I brought him and his math to the kitchen table to see if I could help.  He was crying.  After attempting to explain how to work the series of problems, I realized something else needed to be done.  The math problems weren’t the problem.  He knew how to do them but wasn’t trying.

He kept saying between sobs, “It’s too hard.”

Finally I said, “Lincoln, go get on my bed.”

That’s not what children in my home desire to hear.  I let him sit alone for a while while I finished some other things.  My thoughts were mixed.

“Should I discipline?  What form of discipline?  He knows what to do and is refusing to do it.  He’s an 8 year old boy whose heart is in the tree outside while his body is being forced to sit at the kitchen table and do math.  Was I any different at this age?  His thinker is done thinking for today.  What to do?  What to do?”

Still unsure what to say or do, I went to him.  Prayers were whispered from me to God as I asked for wisdom.
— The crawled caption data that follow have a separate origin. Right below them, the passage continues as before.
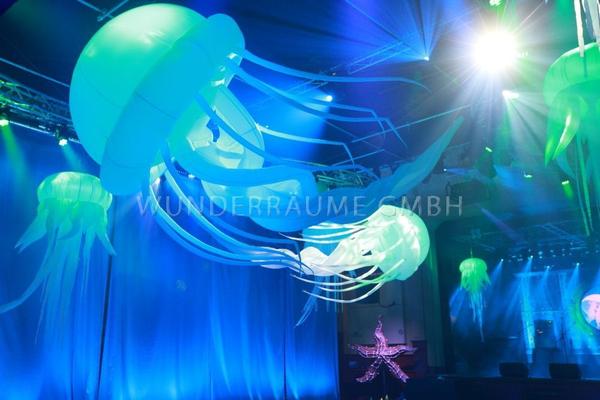 Aufblasbare Dekoration mieten & vermieten - Quallen - WUNDERRÄUME GmbH vermietet: Dekoration/Kulisse für Event, Messe, Veranstaltung, Incentive, Mitarbeiterfest, Firmenjubiläum in Lichtenstein/Sachsen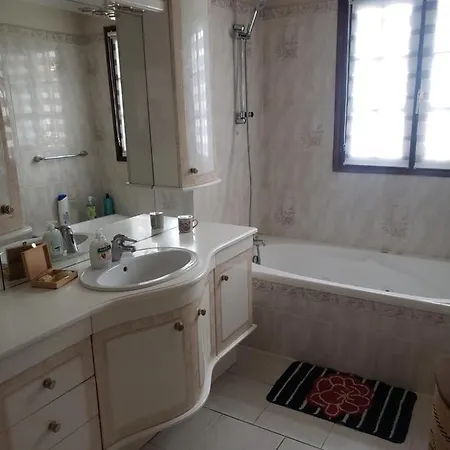 Maison Cosy Avec Cheminee בית נופש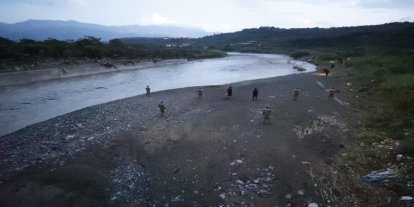 Hatay’da Karaçay Nehri’nde kaybolan 2 genç için arama çalışmaları sürüyor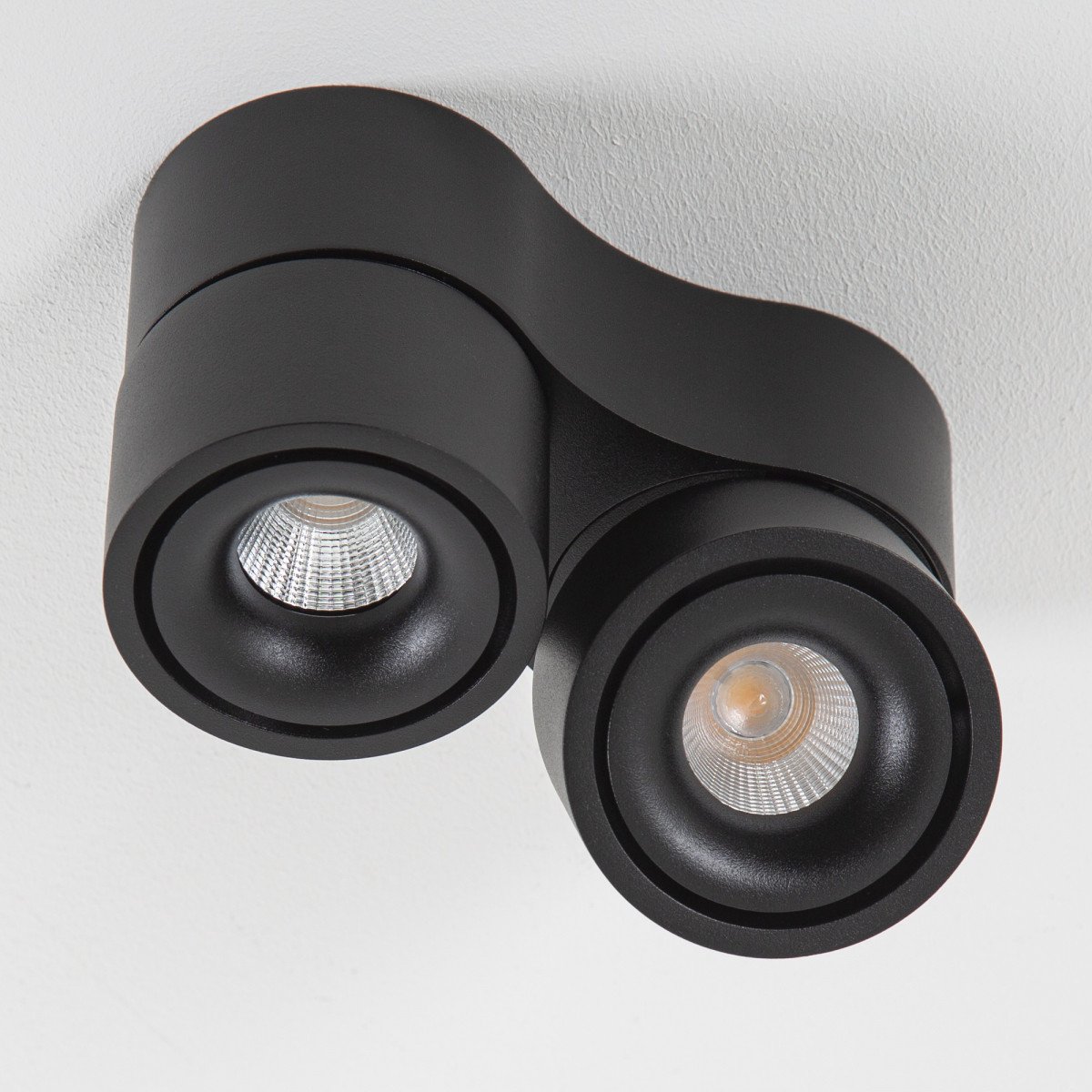 Plafonnier Ole 2 noir (7680) avec 2 spots noirs en saillie orientables | Nostalux.fr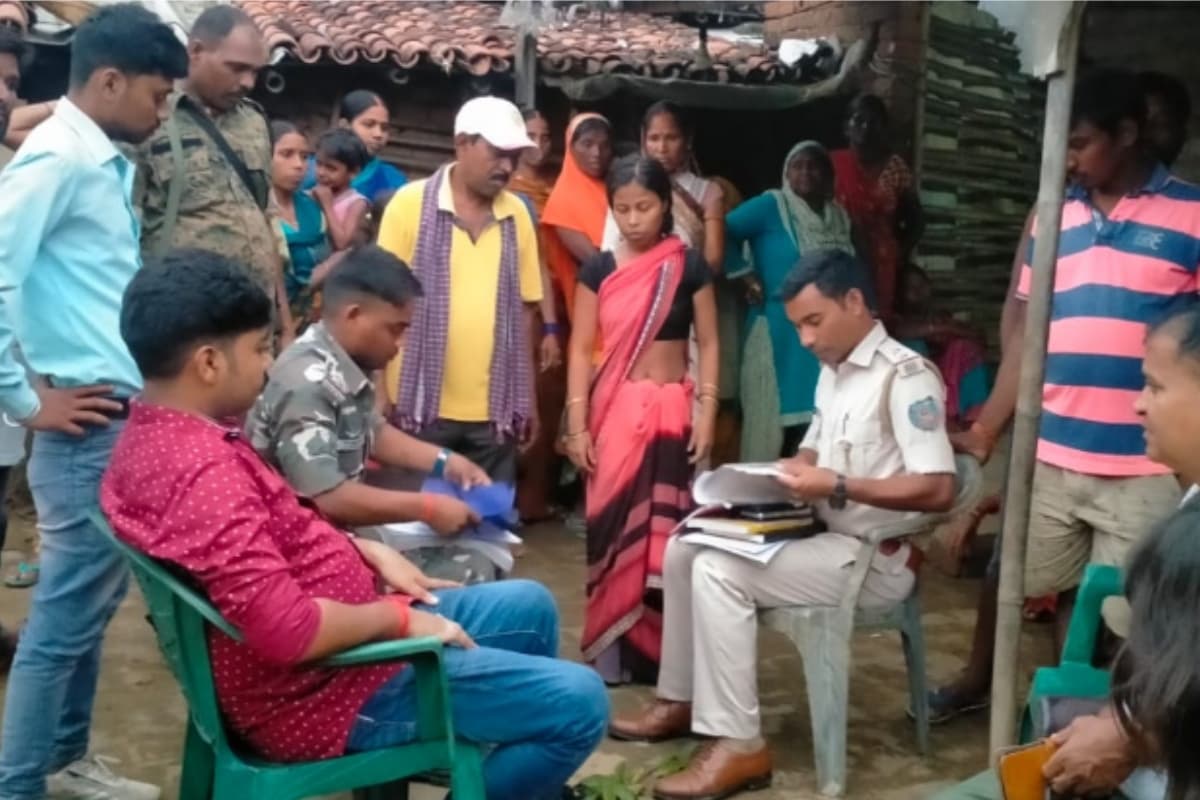 गिरिडीह में बहन से शादी करना चाहता था मौसेरा भाई, सुसाइड नोट लिख लड़की ने कर ली आत्महत्या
In the end, I decided to give him a stern talk; a man to man talk if you will.  I told him that tears were unacceptable unless something was bleeding.  Crying over math wasn’t going to be allowed.  It might be difficult at times but crying over didn’t help and wouldn’t be tolerated.  I told him I thought he was able to do the work and wasn’t applying himself.

“Son, if I you learnt to give up and quit over a simple thing like math, you learning a bad habit.  There will be many more difficult things in life you will need to face.  If you can’t handle a few math problems without crying, you will have a hard time in life.  If I didn’t love you, I wouldn’t care if you cried about math and gave up.  But I love you enough to help you become a man who doesn’t quit so easily.”

I encouraged him as best I could to go back to the kitchen table and finish the problems, then we prayed together.  The problems didn’t take him long to complete once he set his mind to the task.

This talk didn’t cure him of being distracted from school work and won’t teach him to never give up.  At least not this talk alone.  It is one of many such talks we will have and the lesson of persistence will come in many forms.

This occasion reminded me of the book Never Quit.  My father bought if for me when I was about the same age as my son is now.  I don’t recall the particular reason for the purchase.  Maybe I was having a hard time in school.  I do remember enjoying the book, and I have kept it all these years.

More than the book itself, I remember my dad teaching me to never quit.  He probably told me many times and in many ways; I remember one particular time.  That one time made an impression on me.  The Never Quit book and various other tales of persistence certainly added to the formation of my character, but what I recall most is learning the lesson of never quitting from my dad.

Years from now, I hope my son remembers the story of Glenn Cunningham.  And I hope he recalls that I loved him enough to teach him this lesson – when the math gets tough the tough get to doing math.